Behaviour classification model

In supervised learning, the ML model is developed by training the algorithm on a labelled dataset called the training set, where each input data point is associated with a corresponding label, i.e. a behaviour. The pre-processed dataset is therefore split into a training set, a validation set, and a test set.

For training, the Catboost algorithm (Prokhorenkova et al., 2019) was used, which is an implementation of the Gradient Boosting algorithm for classification and regression. It is based on the principle of aggregating a large number of decision trees (a flowchart structure where each node represents a decision, each branch the outcome of the decision and each leaf a class in classification tasks) that best predict the training set with constraints to limit overfitting. Those constraints are given by hyperparameters, e.g. the number of leaves, the maximum depth of each decision tree and the minimum number of samples required to be at a leaf node. A thorough hyperparameter tuning was performed using the validation set (“validation set” in Figure 6; “val” set in Figure 7) and based on the highest AUC score obtained.

After training, a model was generated and the validation set (“val”) was used to calculate preliminary performance scores of the model to tune the hyperparameters. Once the model was trained and tuned, the test set (“test set” in Figure 6; “X_test”, “y_test” in Figure 7) was used to evaluate the final performance of the model with unseen data: the model predicts the behaviour from the test set data without having the corresponding labels.
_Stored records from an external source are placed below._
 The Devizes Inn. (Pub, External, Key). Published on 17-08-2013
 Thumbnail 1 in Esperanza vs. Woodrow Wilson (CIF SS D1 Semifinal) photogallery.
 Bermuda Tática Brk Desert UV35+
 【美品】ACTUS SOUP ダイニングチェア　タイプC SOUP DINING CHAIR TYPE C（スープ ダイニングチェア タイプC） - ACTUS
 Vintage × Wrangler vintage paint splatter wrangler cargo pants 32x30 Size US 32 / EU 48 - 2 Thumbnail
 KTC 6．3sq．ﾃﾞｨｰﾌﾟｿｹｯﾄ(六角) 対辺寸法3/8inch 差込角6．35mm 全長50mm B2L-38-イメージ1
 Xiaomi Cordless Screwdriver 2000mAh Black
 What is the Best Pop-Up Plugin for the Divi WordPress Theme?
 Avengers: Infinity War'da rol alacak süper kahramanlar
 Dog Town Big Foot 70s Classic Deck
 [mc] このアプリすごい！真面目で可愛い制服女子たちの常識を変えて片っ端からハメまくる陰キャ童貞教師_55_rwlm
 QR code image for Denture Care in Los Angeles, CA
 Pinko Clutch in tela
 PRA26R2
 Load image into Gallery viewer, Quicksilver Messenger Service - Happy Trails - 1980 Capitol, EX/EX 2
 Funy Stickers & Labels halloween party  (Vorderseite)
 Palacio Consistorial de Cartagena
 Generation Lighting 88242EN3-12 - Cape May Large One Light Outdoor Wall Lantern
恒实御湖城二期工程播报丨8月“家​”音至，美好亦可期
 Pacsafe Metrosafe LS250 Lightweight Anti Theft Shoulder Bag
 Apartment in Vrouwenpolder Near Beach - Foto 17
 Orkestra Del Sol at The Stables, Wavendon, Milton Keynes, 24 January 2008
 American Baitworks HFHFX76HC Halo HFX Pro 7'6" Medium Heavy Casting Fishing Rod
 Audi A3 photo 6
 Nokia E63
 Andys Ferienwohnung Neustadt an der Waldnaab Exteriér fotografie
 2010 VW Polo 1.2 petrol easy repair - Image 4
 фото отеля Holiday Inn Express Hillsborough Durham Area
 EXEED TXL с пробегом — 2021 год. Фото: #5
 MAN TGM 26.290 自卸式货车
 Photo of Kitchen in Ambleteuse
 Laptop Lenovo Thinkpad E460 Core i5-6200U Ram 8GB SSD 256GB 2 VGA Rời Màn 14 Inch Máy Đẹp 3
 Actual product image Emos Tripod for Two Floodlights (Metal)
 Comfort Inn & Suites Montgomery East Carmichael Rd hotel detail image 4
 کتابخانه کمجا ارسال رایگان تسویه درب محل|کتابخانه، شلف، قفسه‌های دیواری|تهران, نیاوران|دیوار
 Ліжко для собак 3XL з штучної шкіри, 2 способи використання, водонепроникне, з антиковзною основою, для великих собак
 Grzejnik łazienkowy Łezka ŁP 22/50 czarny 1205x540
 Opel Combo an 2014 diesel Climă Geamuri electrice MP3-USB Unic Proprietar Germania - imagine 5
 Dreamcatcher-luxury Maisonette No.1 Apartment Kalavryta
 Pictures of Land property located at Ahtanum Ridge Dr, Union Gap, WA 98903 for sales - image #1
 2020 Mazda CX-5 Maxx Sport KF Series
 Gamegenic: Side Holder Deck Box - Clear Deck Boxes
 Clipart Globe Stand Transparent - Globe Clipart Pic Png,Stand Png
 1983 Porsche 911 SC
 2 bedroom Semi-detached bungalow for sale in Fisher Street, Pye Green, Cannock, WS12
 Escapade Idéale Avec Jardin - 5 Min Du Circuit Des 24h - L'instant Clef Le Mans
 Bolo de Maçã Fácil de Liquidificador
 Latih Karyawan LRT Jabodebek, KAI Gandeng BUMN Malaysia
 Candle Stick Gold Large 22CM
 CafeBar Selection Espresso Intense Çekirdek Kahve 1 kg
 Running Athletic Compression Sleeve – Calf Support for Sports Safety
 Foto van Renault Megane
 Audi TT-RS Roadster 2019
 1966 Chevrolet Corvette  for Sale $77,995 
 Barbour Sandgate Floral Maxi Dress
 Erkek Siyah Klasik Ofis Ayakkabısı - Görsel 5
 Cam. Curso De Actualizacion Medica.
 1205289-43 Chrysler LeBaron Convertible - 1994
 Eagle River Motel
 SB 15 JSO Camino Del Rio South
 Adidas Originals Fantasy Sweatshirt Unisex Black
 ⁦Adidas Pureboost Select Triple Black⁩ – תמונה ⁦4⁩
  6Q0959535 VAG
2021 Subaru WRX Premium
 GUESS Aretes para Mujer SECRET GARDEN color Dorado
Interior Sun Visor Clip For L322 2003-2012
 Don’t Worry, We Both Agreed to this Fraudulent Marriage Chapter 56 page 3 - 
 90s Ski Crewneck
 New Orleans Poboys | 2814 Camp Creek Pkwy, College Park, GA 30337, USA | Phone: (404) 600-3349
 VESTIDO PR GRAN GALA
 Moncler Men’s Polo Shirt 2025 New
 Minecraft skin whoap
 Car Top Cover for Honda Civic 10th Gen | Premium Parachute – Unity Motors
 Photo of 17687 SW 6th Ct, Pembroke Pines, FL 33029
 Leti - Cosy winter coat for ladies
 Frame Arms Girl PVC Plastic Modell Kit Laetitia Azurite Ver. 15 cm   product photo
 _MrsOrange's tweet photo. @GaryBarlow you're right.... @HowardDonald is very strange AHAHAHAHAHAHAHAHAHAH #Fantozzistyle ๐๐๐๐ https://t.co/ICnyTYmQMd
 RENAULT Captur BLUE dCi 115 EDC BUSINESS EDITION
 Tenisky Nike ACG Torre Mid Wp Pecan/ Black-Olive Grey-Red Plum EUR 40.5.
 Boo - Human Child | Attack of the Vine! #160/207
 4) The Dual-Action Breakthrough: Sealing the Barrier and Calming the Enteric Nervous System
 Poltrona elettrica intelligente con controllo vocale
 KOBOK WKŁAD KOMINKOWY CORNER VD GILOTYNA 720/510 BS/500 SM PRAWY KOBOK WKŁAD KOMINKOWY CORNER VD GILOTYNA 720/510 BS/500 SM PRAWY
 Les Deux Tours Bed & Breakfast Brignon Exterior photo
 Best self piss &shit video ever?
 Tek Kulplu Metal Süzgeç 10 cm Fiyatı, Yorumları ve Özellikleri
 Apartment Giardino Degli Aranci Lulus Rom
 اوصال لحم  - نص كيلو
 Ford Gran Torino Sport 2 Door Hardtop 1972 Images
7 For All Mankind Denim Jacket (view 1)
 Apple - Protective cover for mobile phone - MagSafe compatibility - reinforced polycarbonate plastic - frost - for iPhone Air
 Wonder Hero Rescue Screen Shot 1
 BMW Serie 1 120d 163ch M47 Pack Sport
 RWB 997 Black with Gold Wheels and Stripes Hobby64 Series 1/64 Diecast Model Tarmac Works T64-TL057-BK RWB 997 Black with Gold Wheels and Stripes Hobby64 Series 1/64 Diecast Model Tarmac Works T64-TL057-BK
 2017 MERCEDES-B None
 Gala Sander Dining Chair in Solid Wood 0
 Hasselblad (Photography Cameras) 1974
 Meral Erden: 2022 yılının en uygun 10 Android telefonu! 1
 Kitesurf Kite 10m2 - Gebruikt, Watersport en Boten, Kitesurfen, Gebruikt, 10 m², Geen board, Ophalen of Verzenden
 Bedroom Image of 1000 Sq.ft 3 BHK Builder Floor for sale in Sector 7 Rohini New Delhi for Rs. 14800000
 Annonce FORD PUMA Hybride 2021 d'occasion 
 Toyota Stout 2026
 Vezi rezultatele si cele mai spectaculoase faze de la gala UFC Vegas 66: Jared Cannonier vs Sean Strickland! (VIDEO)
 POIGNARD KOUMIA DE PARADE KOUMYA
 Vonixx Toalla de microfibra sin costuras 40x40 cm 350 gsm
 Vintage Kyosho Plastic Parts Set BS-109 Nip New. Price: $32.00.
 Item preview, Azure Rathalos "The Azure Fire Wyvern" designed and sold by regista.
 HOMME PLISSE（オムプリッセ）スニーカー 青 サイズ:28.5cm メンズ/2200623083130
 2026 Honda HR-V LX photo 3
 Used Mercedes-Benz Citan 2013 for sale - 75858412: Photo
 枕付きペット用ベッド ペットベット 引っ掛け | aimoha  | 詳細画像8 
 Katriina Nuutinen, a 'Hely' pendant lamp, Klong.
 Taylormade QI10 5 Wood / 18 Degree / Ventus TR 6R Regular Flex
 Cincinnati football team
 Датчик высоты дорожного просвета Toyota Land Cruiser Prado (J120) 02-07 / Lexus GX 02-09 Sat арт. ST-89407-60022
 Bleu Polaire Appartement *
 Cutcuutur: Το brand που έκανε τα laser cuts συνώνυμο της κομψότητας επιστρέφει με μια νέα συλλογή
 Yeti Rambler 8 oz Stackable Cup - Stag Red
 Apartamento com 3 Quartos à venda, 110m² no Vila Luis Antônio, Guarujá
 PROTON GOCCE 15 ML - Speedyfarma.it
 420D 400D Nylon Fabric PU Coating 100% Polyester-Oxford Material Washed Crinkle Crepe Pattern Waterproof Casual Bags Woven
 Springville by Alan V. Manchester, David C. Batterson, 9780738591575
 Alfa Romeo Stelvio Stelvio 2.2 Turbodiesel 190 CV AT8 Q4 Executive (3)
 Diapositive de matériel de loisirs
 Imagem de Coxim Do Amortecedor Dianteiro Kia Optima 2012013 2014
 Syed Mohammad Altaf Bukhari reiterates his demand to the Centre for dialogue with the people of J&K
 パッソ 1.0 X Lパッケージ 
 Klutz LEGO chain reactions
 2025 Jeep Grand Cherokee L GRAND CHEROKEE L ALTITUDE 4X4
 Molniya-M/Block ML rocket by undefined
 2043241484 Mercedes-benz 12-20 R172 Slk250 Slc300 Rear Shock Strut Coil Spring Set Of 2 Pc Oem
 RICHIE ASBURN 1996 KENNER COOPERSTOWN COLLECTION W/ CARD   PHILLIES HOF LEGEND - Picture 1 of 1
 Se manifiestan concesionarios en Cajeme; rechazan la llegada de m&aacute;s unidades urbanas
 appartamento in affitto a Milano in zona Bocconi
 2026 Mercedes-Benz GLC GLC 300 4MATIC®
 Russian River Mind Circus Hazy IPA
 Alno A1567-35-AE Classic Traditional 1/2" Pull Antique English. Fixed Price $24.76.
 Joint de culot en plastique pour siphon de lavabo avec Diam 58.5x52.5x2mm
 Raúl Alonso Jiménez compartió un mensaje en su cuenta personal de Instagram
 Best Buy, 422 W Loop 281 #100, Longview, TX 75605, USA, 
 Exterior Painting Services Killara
Then, the predicted behaviours are compared to the corresponding observed labels to calculate the final performance score.

In this work, two different types of models were developed based on two data split approaches (Figure 6):

  1. The dataset was divided based on the time-windows of all goats for sensitivity analysis, meaning that data from all goats was used during the training of the model and predictions were done for the same goats on different periods of time.

After the data pre-processing, time-windows for each goat were computed and 20% of those time-windows were excluded to create the test set, the 80% left was split into a training set (75%) and a validation set (25%).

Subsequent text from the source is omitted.